In addition to criminal justice, Luxembourg is launching its first restorative justice service. The aim is to offer perpetrators and victims of offences a change of perspective on how they react. Here is how.
It has been one year since the SEJURE (Restorative Justice Service) was created in Luxembourg. Outside the usual judicial services, it is located in the premises of the Centre de médiation asbl, in Bonnevoie. The only difference is that it is financed by the Ministry of Justice, whereas the two other mediation services and the service for access to rights depend on the Ministry of Education. But this is a far cry from resolving neighbourhood or domestic disputes. Jessica Luisi is the coordinator of the service: a criminologist by training, she became interested in the psychological aspect of the legal system very early on. She has studied delinquency and crime and the responses to them. For her, restorative justice is not there to replace criminal justice: "It is important that it does its job but it is a completely different work. Criminal justice qualifies the offence, designates a guilty party and a victim, it is structured. People often come out without having been able to express important things and still have issues that are not resolved."

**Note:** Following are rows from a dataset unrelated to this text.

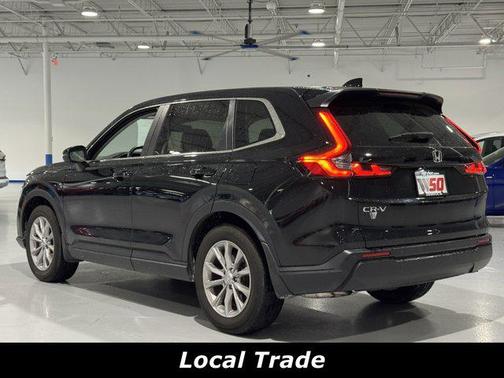 2023 Honda CR-V EX-L AWD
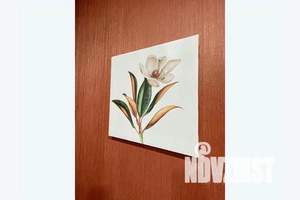2-к квартира, посуточно, 55м2, 9/18 этаж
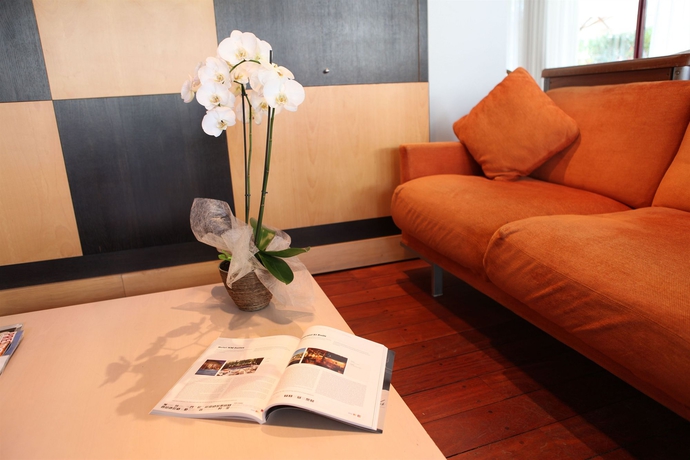 Hotel Nm Suites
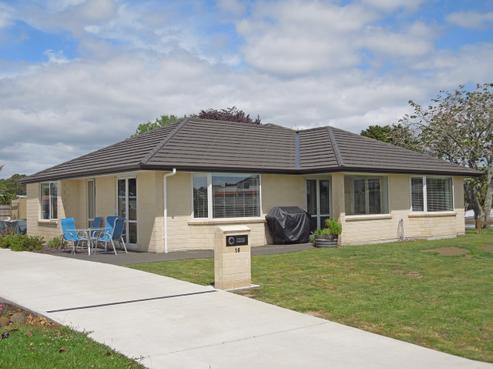 16 Ngapapa Street, Urenui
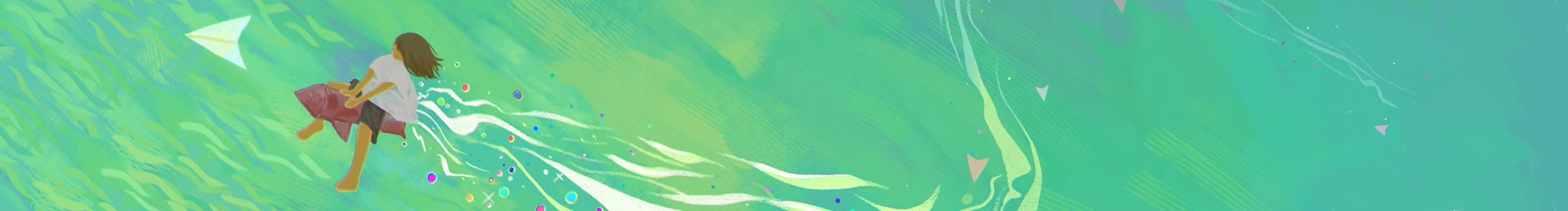 海盐像素的个人主页（封面预览） - 主页封面设置 - 站酷设计师海盐像素原创素材 - 站酷ZCOOL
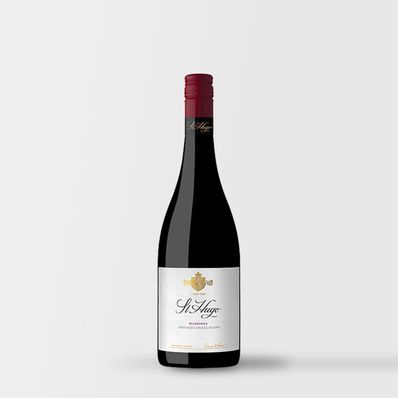 St Hugo Grenache Shiraz Mataro (GSM) 2019,  Barossa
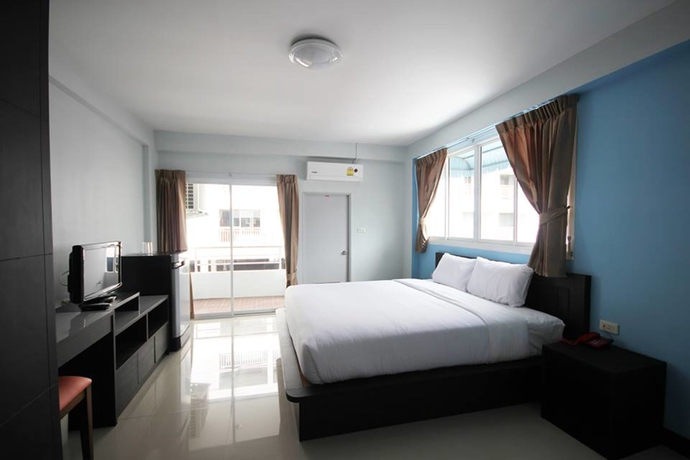 Imagen de la habitación del Hotel Dd Residence. Foto 12
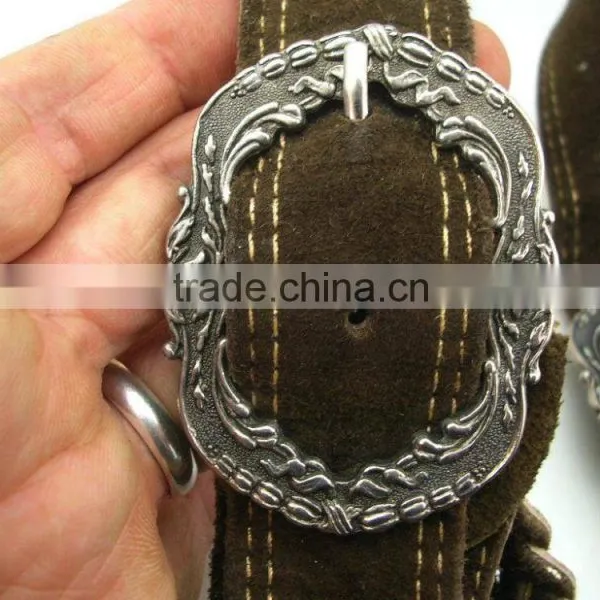 German Bavarian Trachten Lederhosen photo-6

The first traces of restorative justice are attributed to the first peoples of North America. The notion of reparation is mentioned in several historical texts: the Torah specifies the restitution of property to victims by criminals, the Code of Ur-Nammu (the oldest surviving tablet containing a legal code) requires reparation for acts of violence, the Code of Hammurabi (a Babylonian legal text from around 1750 BC) prescribes as a penalty for property offences, the Law of the Twelve Tables (the first body of written Roman law) orders the thief to pay double for the stolen goods.